We searched Biological Abstracts (BIOSIS Inc., Philadelphia, PA) and Current Contents (Institute for Scientific Information, Philadelphia, PA) for articles published between 1997 and 2001 using combinations of the key words ‘stress’, ‘environmental stress’, ‘fluctuating asymmetry’ and ‘developmental instability’. For each study, we recorded: (i) the taxon; (ii) whether an association between stress and FA was detected; (iii) the number and type (metric or meristic) of traits analysed; (iv) the type of stressor; (v) the design of the experiment; (vi) whether FA was examined separately for each trait or as a composite measure; and (vii) whether the authors had examined the genetic structure of the study population. A few studies examined more than one source of stress; we considered the results for each separately.

Results

CONTROL VS. EXPERIMENTAL CHANNELS

For a total of 641 FA measures (individual front, middle and back leg pair spine counts) taken from the control and experimental channels in Valley Spring (Fig. 3), signed left vs. right differences were normally distributed (Wilk–Shapiro) and differences between left vs. right were not significantly different from zero (paired t-test, P > 0·05 in all cases, corrected for multiple comparisons). For those individuals having all three leg pairs intact (n = 172), there was no concordance between the signed (l − r) or absolute differences (/l − r/) for one measure vs. another (r2 < 0·01, P > 0·05 in all cases). Accordingly, we considered all measures to be independent of each other.

Figure 3.

The frequency of signed left minus right differences in tarsal spine counts taken from individual leg pairs of Nemoura trispinosa in Valley Spring, Canada, (n = 641).

For individual N. trispinosa, differences in FA between control and experimental channels of Valley Spring varied depending on the character chosen and study year (Fig. 4). However, none was significant (Table 1) or showed consistent trends in response to the manipulation.

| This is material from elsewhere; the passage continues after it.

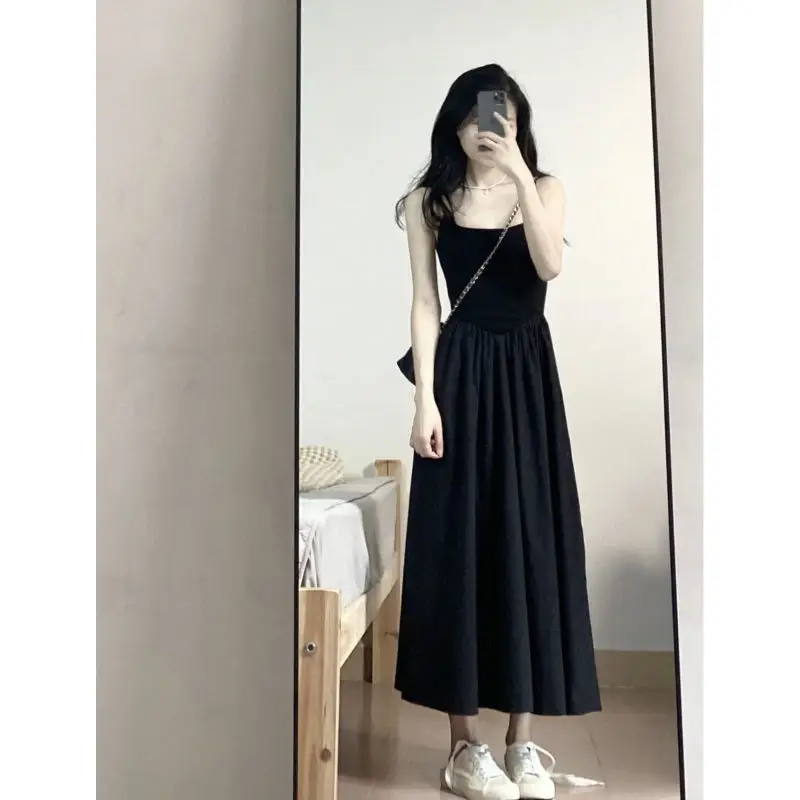 150cm Petite girls French Hepburn Style Suspender Dress Women's High-end Waistband A-line Mid Length Bottom Skirt XS Summer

Combining the character measures for each individual prior to analysis (Leary & Allendorf 1989; Leung, Forbes & Houle 2000) also provided no obvious trend in FA between the control and experimental channels (Fig. 5).

Figure 4.

Fluctuating asymmetry scores (Σ[/li − ri/]/n ± 1 SE) for spines on the front, middle and back leg pairs of Nemoura trispinosa collected from control (ambient; open bars) and experimental (ambient + 2−3·5 °C; stippled bars) channels of Valley Spring, Canada, before (year 1) and during (years 2 and 3) the temperature manipulation. Sample sizes are provided above the standard error bars

Table 1. anova of mean fluctuating asymmetry (FA) values for nymphal Nemoura trispinosa between control and experimental channels of Valley Spring, Canada (site 1), before (year 1) and after (years 2 and 3) the temperature manipulation (see text for details), for each of three traits (tibial spines on front, middle and back legs), and a composite FA score (CFA; values for front, middle and back legs were summed for individuals having all legs pairs intact prior to analysis)
YearTraitd.f.MSFP
Year 1Front legs1,811·110·600·44
 Middle legs1,853·722·800·10
 Back legs1,870·010·000·95
 CFA1,640·000·000·98
Year 2Front legs1,440·230·270·61
 Middle legs1,452·582·860·10
 Back legs1,423·612·050·16
 CFA1,390·050·010·91
Year 3Front legs1,811·960·860·36
 Middle legs1,885·082·290·13
 Back legs1,874·010·950·33
CFA 1,638·401·080·30
Figure 5.

Composite fluctuating asymmetry (CFA) scores (absolute asymmetry values [/l − r/] for spines on front, middle and back leg pairs combined for each individual) for Nemoura trispinosa collected from control (open bars) and experimental (stippled bars) channels of Valley Spring, Canada, before (year 1) and during (years 2 and 3) the temperature manipulation. Sample sizes are provided above standard error bars

REFERENCE SITES

Individuals collected from our ‘reference’ sites showed considerable variation in FA among locations (Fig. 6). The highest levels of FA were found in sites nearest Toronto (a major urban centre), while generally lower levels of FA were observed at the more northerly sites (numbers 4 and 5; Fig. 6). Differences were marginally significant for both the back leg FA and the composite FA (Table 2).

Figure 6.

Composite fluctuating asymmetry (CFA) scores (absolute asymmetry values [/l − r/] for spines on front, middle and back legs combined for each individual) for Nemoura trispinosa collected from six sites in southern Ontario, Canada, in May 1993 (year 3 of the study). Site numbers correspond to Fig. 1; 1C and 1E refer to control and experimental channels of Valley Spring, Canada, respectively.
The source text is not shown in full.